One of the students, Grayce Kellam, a senior sculpture major, describes the title of the exhibit, “Menagerie,” as the perfect title to ensure that the exhibit exemplifies inclusivity and diversity.
“The title ‘Menagerie’ is basically just a strange and diverse collection of artworks. We didn’t know how else to come up with a title to cover everyone,” Kellam said. “Because we’re all so different, and we’re all making such incredible things. We didn’t want anyone to be left out.”
Though a sculpture major, Kellam describes herself as more of an interdisciplinary artist.
“I combine multiple mediums to create one big giant piece, thing experience,” Kellam said. “So, sculpture and projection, or sculpture and video or literature, I like to combine a bunch of different things into one.”
One of the art pieces Kellam is showcasing is a sculpture wall that displays her love of Egyptian art.
“I’ve always been inspired by Egyptian art. I’ve always wanted to include literature on my sculptures, not just next to them or stand with them. And one thing in Egyptian art is the words that they carve are actually formed as some kind of magic for the dead,” Kellam said. “It helps assist their soul in the afterlife. So just the idea of me being able to carve my words, carve my narrative, carve my strength into a wall, and have those words become 3D sculptures themselves.”
Another artist whose work is being featured in this exhibit is Lauren Baechel, a senior sculpture major. She describes her work as being heavily concept–based.
“I like to try to create spaces for people to have spots to heal in. My past work was based around allowing other people to have a space for that,” Baechel said. “But for this specific installation, there are three pieces in this show that are mine. I wanted to have a more selfish approach to what I was doing.”
Baechel’s past works have been about creating a safe haven for those who come to see her art. However, this time around, her pieces are centered more on how she is feeling in her life at this moment.

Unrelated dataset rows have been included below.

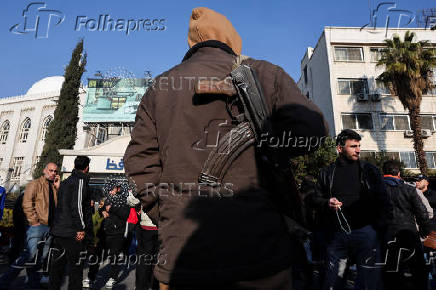 Former members of Syria's Bashar Al Assad's security forces wait to register for the identification and reconciliation process, in Damascus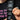 Person holding a black strap with 'SUB LABEL' branding, wearing a black shirt with pink text.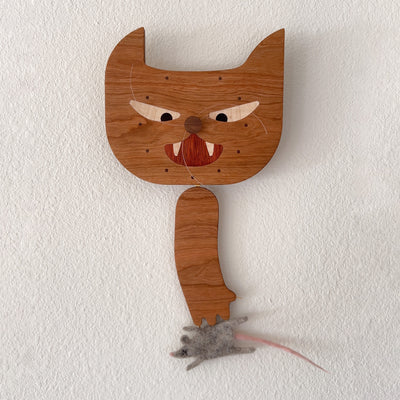 Die cut wooden sculpture, of a cat's head with a swinging wooden cat arm below it. A felt dead mouse is attached to the cats paw and the face of the cat resembles a simplified clock.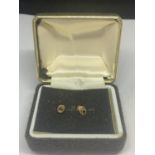 A PAIR OF 9 CARAT GOLD EARRINGS WITH A DARK STONE IN A PRESENTATION BOX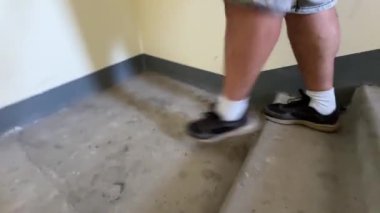 Bir adam merdivenlerden iniyor. Bacaklarını yakın çekim.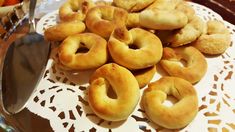 several donuts on a doily with a spoon in the middle and carrots in the background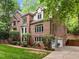 Spacious two-story brick home with driveway, garages, and lush greenery at 106 Birkhaven Dr, Cary, NC 27518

“The healing that I was doing was really based around other people having spots to heal and go in and having places to mourn where they usually wouldn’t mourn,” Baechel said. “But in my life recently, I’ve had some pretty dramatic things happen. So, I wanted to take a more selfish approach to it.”

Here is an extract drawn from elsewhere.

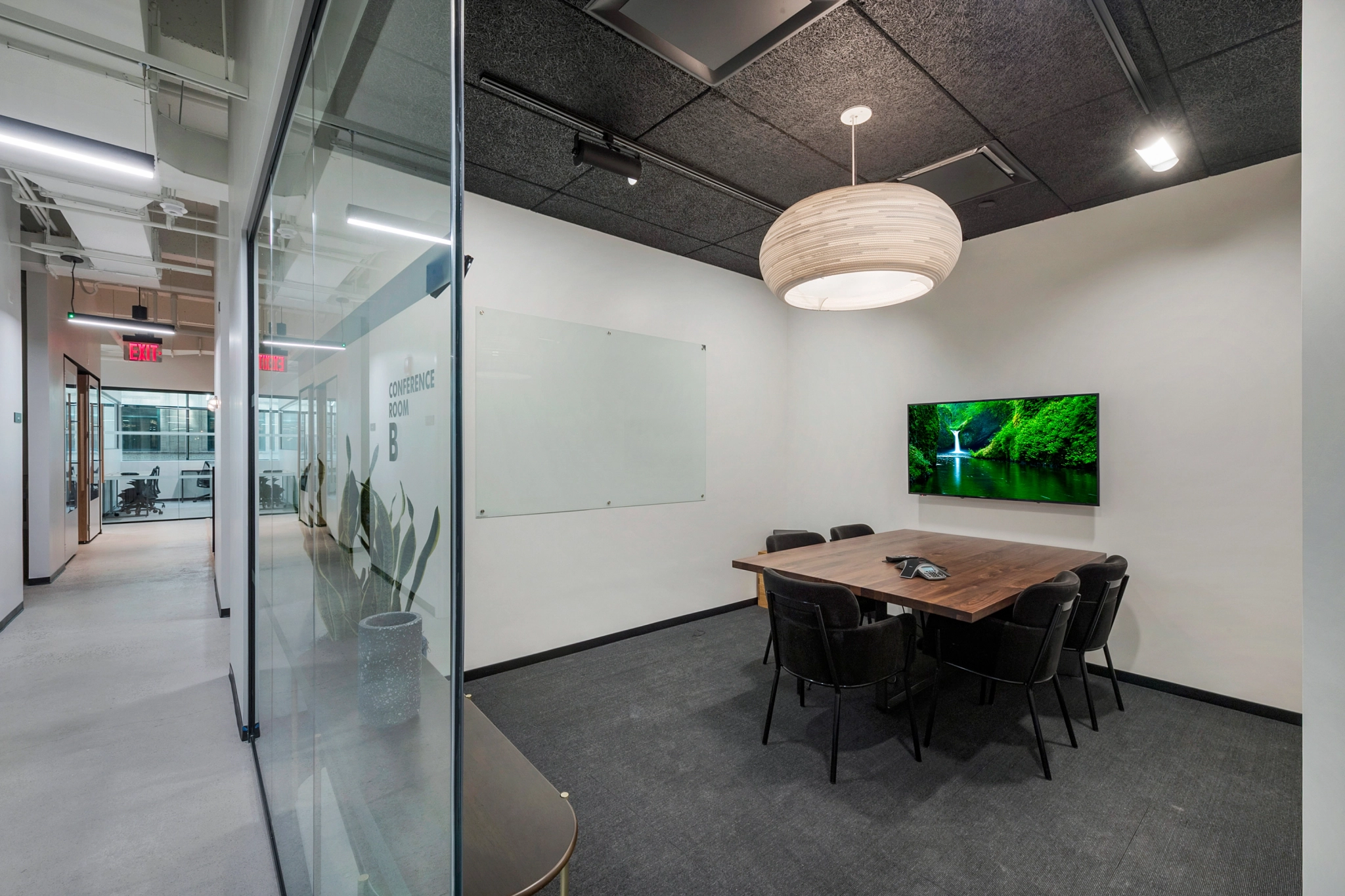 A small, modern meeting room with a wooden table, black chairs, a wall-mounted TV displaying a nature scene, a whiteboard, and a round ceiling light. Glass walls separate it from the hallway, ideal for coworking sessions in the office.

In one of Baechel’s pieces, she will showcase her personal relationship with being raised Catholic while also being a queer woman.
“I was raised really Catholic, and I’m a queer woman. So, you know, it kind of clashes with each other. But my parents are really devout Catholics,” Baechel said. “So, this piece is about my relationship with the actual religion and trying to kind of process the fragility of it and how growing up in that state has impacted me.”
My’Asia McCollum is a BFA student majoring in fine arts with a concentration in paintings.
“My work for the senior show is called ‘into the dark.’ It is an exploration of my own traumatic experience and events that happen and just the way of processing and healing from it,” McCollum said. “I’m showing different stages of healing, like just not knowing what to do, being confused, and then moving to being set free from all of it, being just able to deal with it, cope with it and move past it.”
One of McCollum’s pieces is a painting display of multiple cut–offs of parts of faces.
“This painting is called ‘into the dark web.’ It’s different pieces of faces showing different emotions, and the web represents my mind always being so confused, not knowing what to do next, or how to deal with stuff, just my mind is always racing,” McCollum said. “So that’s what this picture kind of represents. Just trying to figure out stuff and things. Not quite being able to figure it out at that moment, being very broken, and being pulled in different places.”
The “Menagerie” exhibition gives the chance for these senior artists to showcase some of their more vulnerable sides while also having something every viewer can relate to in their own lives.